D2C分析

MEDULLAが事業をどう伸ばしたか事例研究~Sparty社

こんにちは、D2Cの具体的な事業成長について分析していきたいと思います。

公開情報に基づいて分析していきますので深い洞察ができていない部分や、推測の部分もありますのでご容赦ください。私自身が消費財メーカーで働いていた経験も少し交えてお話します。

MEDULLAについて

今回はパーソナライズヘアケア事業を手掛けるMEDULLA(メデュラ)です。以前より注目しており、プロダクト自体も使用したことがあるため応援したい企業の1つです。

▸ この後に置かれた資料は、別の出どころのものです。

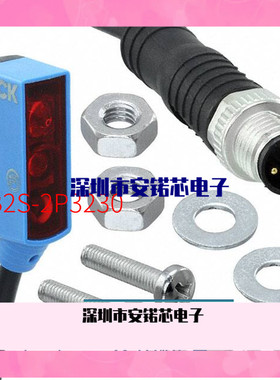 WTB2S-2P3230[SEN PHT PNP 30MM LO/DO M8 PT]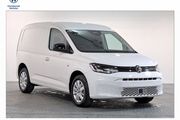 Volkswagen Caddy 2026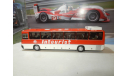 С РУБЛЯ!!! Автобус Икарус-250.70 чили, масштабная модель, Ikarus, DEMPRICE, 1:43, 1/43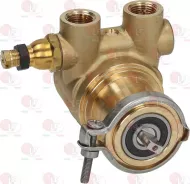 Volumetric Pump Rotoflow 3/8 Gas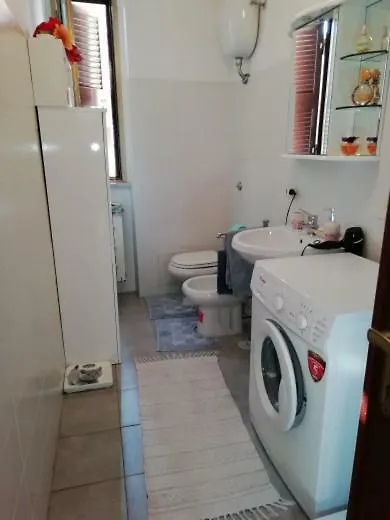 Apartment Appartamento Roma Casilina Tor Vergata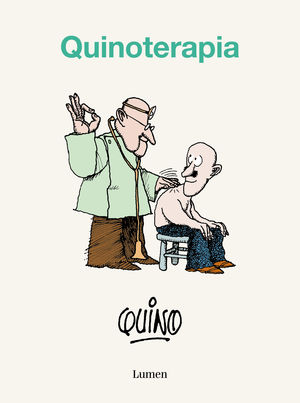 QUINOTERAPIA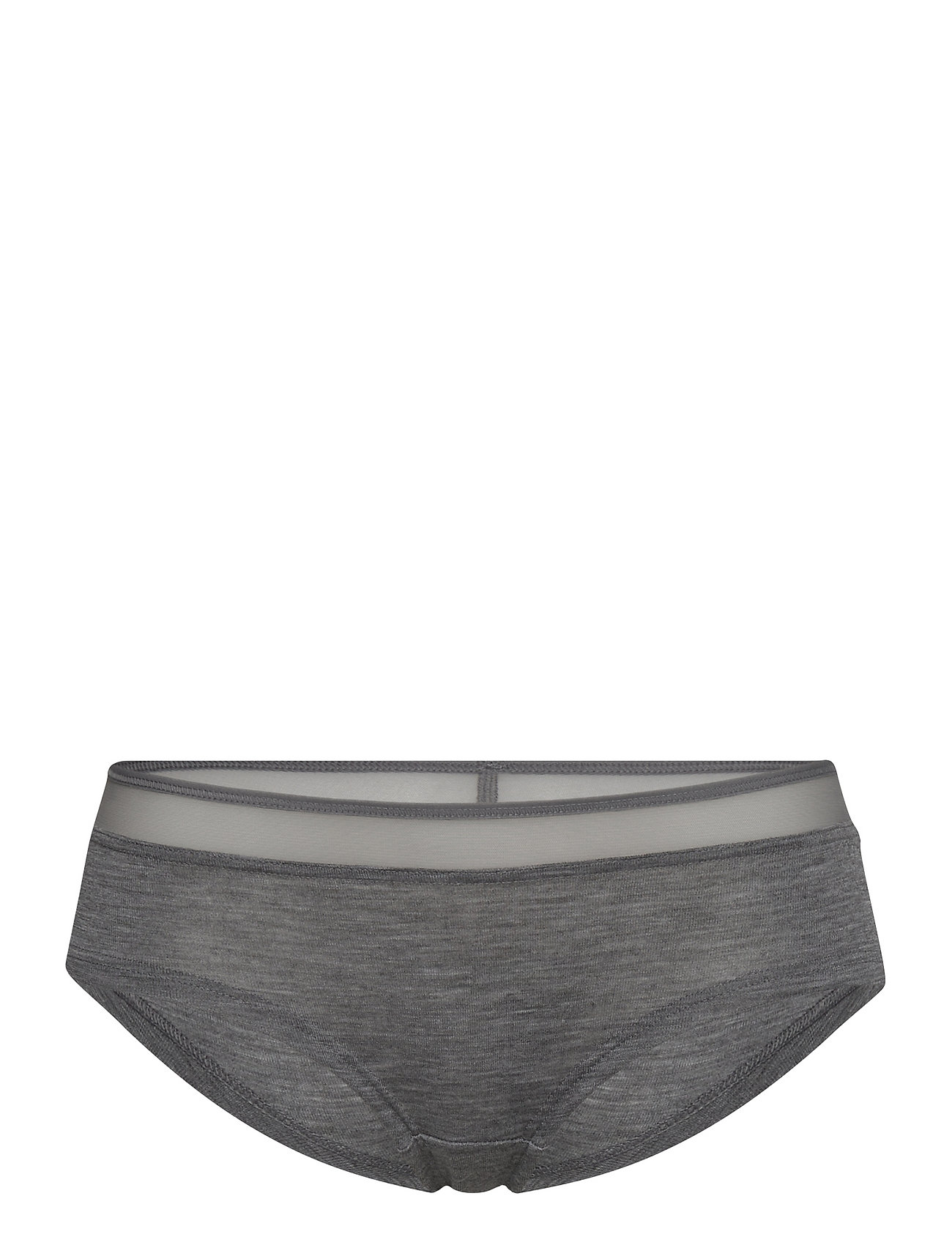Juliana Shorty Wool Grey Femilet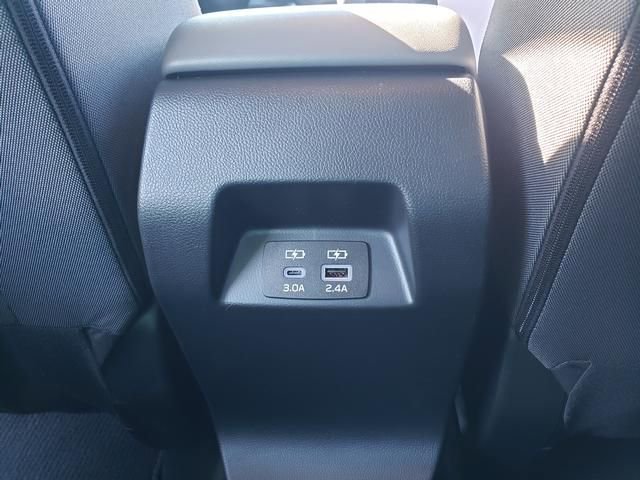 Certified 2025 Subaru Crosstrek 2.0i Premium AWD/4WD image 13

MEDULLAを運営する株式会社Spartyは博報堂出身の深山 陽介社長によって設立された会社です。設立は2017年と比較的新しい会社です。

パーソナライズドのシャンプー&トリートメント事業を中心にパーソナライズスキンケア「HOTARU PERSONALIZED」やトリートメント専門サロン「SALON DE MEDULLA」や、歯列矯正なども展開し、今後も成長が期待できる企業です。

苦難の船出

主力商品である2018年に発売開始されたMEDULLAは、OEMメーカーが製造販売の免許を偽造しているという最悪の裏切りに会い発売が停止されました。

免許を偽装していたOEMメーカーの会社の社長は書類送検される形となりました。

しかし、そんな状況に対して手をさしのべたのはOEMメーカーの大手であるサティス製薬です。

資本業務提携という形で、MEDULLAのパーソナライズドをサポートしはじめました。結果としてMEDULLAは事業を再開することができました。

同社のnoteを見ると決して他責にせず、顧客に真摯に向かっている様子が見えます。

事業再開後はアフィリエイト戦略が成功

事業再開後は、アドアフィリエイターを駆使して、事業を伸ばしていきます。

InstagramやFacebookなどで従来もヘアケア商品は売れていましたが、パーソナライズドという付加価値があることで、アフィリエイトによって販売がしやすくなりました。

また、YouTube広告を活用したアフィリエイトによっても事業を大きく伸ばしていきました。規模的には数十億円になっているのではないかと言われています。

YouTube広告を利用してシャンプーを販売するというのは当時はあまりなく、非常に成功した事例だったと言えます。

パーソナライズドということだけに限らず、売り方まで新しい手法に取り組んでいるのでspartyは常にチャレンジをしているように思います。

アドアフィリエイターに好かれる商品にすることは必須ですが、MEDULLAはタレント起用を続けたことも大きかったように思います。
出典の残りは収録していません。